Visscher’s models and those of other scientists are based on the assumption that the laws of physics and chemistry behave in other solar systems as they do in our solar system. That’s not a hard assumption for him to make. While he knows that there are significant differences within creation, he also believes that the laws of nature are trustworthy and consistent because they are the work of a sovereign Creator who holds his creation together.

“The discovery of exoplanets has been transformational in helping us understand planetary systems, including our own solar system,” Visscher says, noting that planetary systems are continually forming and changing.

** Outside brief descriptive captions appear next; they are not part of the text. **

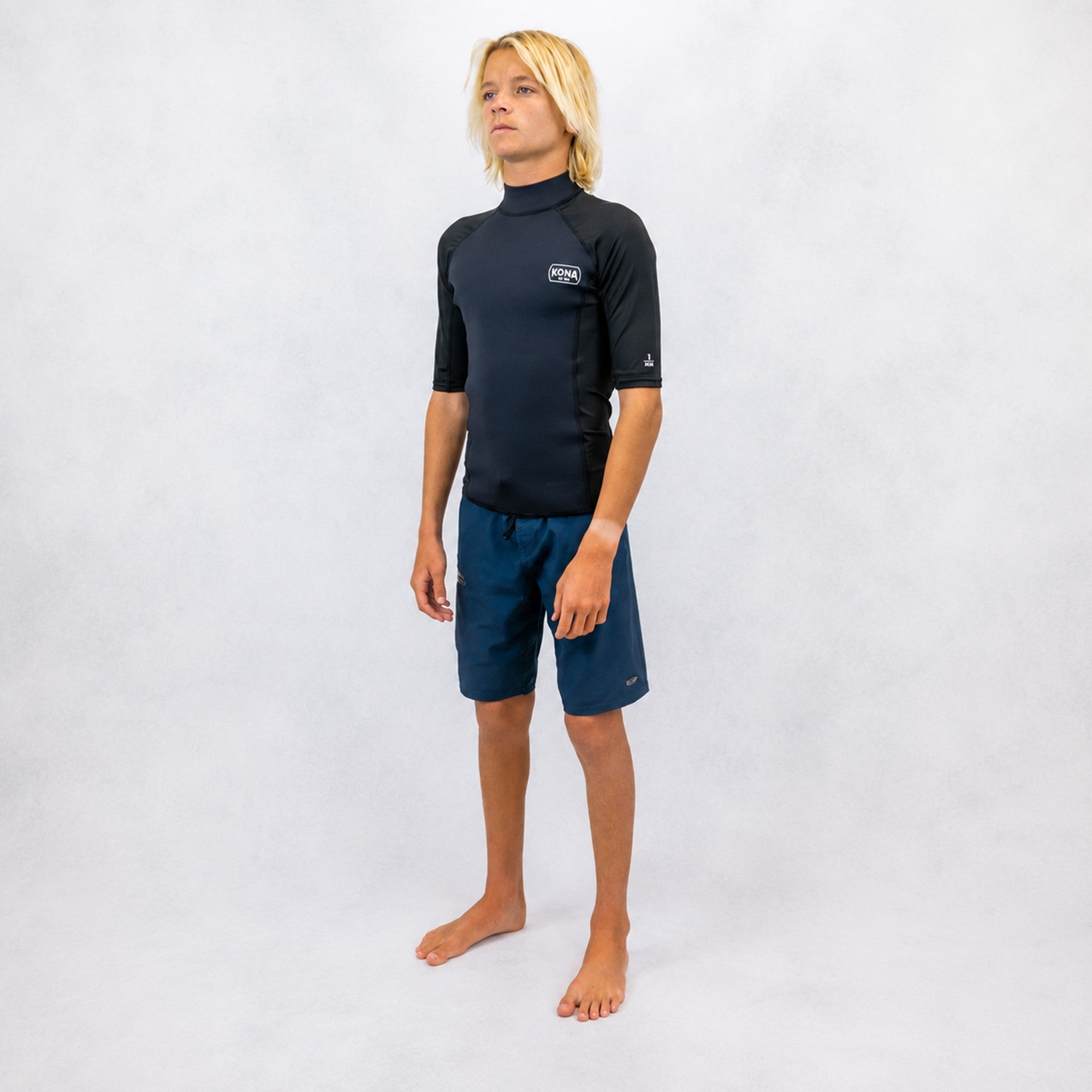 Go 1.5MM Neostretch S/S Jacket Mens Wetsuit Top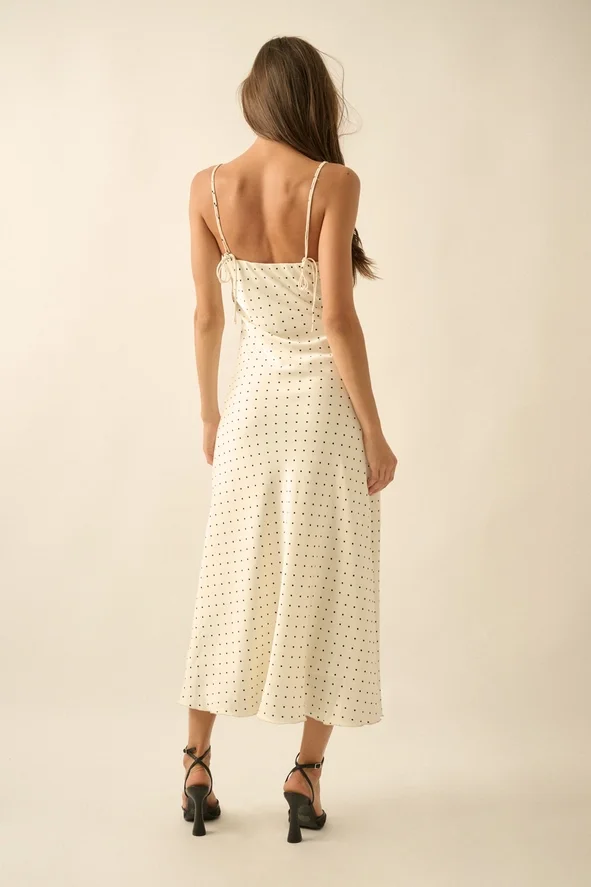 Promesa Polka Bias cream back.webp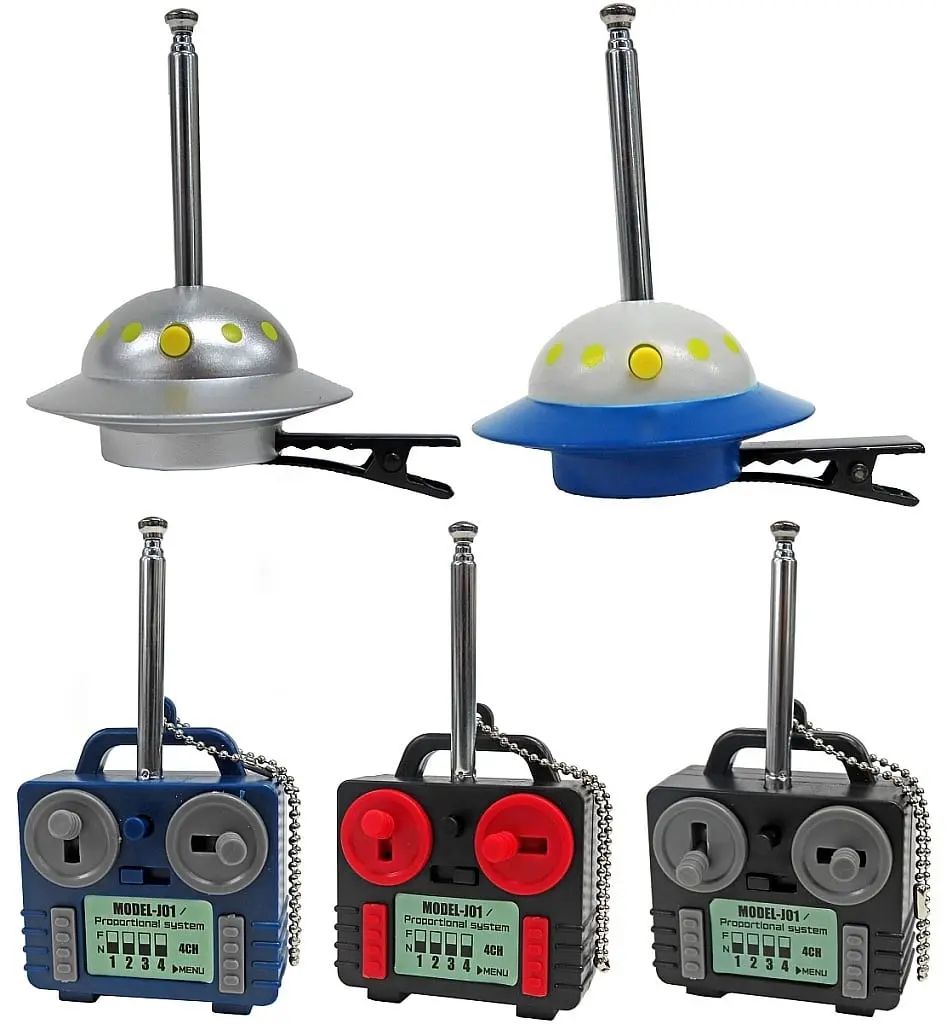 Trading Figure - Controller & UFO antenna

“As we watch these systems that come in all shapes and sizes, we find that our solar system is likely not as static as we may have once thought.” He adds, “We now know that the orbits of young planets may shift and things can get violent and chaotic.”

“It’s exciting to figure out what’s going on in this vast universe,” he says. “I find the amazing scale of creation and how it works to be a powerful witness to God’s creative power and to who he is.” He knows full well that many scientists do not see the world this way and, in fact, believe that the way the world works disproves God’s existence. He also knows that many young Christians find it difficult to reconcile science and Scripture.

He recalls serving on a panel about origins and having a long conversation with a scientist who was raised as a Christian but became an atheist because he felt he had to choose between being a believer and a scientist.

“It breaks my heart when people accept the false choice of faith or science,” he says, “when we know that God is the author of both Scripture and creation.” He believes both are trustworthy. 
And, he believes it is critical for Christians to talk about these topics to better understand how to read the physical evidence we see in creation and how we read Scripture.“

We all bring along our theological, philosophical, and even scientific presuppositions with us when we read the Bible, or in anything else that we do,” Visscher says, noting that how people read Scripture is different after Copernicus than it was before him. He finds wrestling with these issues to be challenging and exciting and believes they need to happen on Christian college campuses like Dordt’s where both faith and science are taken seriously.

“I sometimes tell my students, ‘I’m less interested in what you believe than in how you got there,’” he says. He challenges his students to consider this as they read both Scripture and read creation.

“For me, the Hubble images bring praise to God, they don’t threaten his existence. The vast scale of the universe is a powerful witness to his greatness. We should not confine that universe to our understanding of it. This is God’s world. We should never stop exploring it.”